Supplied information:
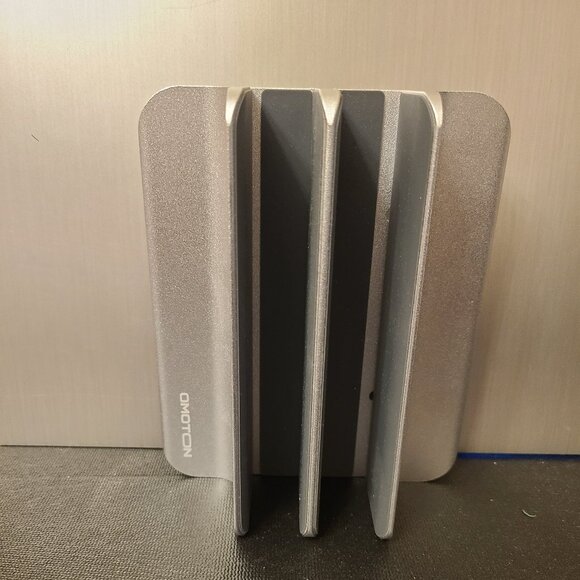 OMOTON ADJUSTABLE DOUBLE VERTICAL LAPTOP STAND- SILVER ALUMINUM DOCK - Picture 9 of 12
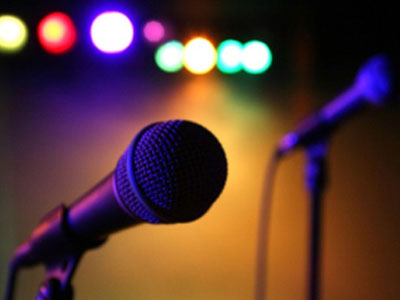 Cảnh cáo trưởng ban tổ chức huyện ủy đi karaoke trong giờ làm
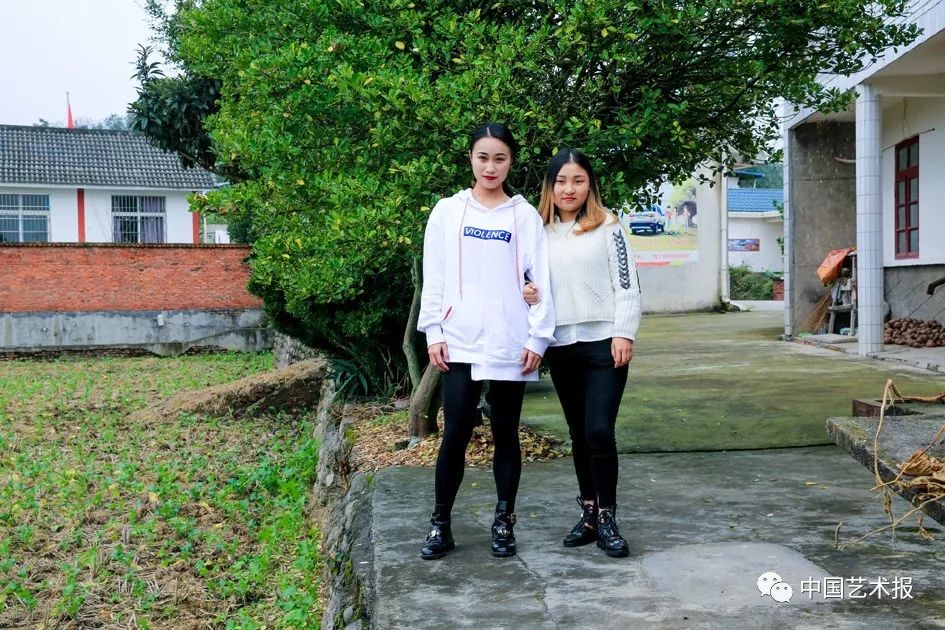 汶川大地震志愿者影集,汶川十年影像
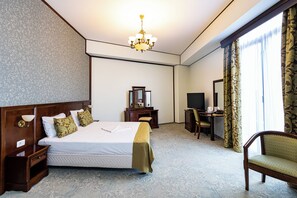 Minibar, in-room safe, iron/ironing board, free WiFi - HOTEL DIESEL (Bucharest)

Prompt:
The data above should be restated exactly, with its images dropped.

Reply to the task:
 OMOTON ADJUSTABLE DOUBLE VERTICAL LAPTOP STAND- SILVER ALUMINUM DOCK - Picture 9 of 12
 Cảnh cáo trưởng ban tổ chức huyện ủy đi karaoke trong giờ làm
 汶川大地震志愿者影集,汶川十年影像
 Minibar, in-room safe, iron/ironing board, free WiFi - HOTEL DIESEL (Bucharest)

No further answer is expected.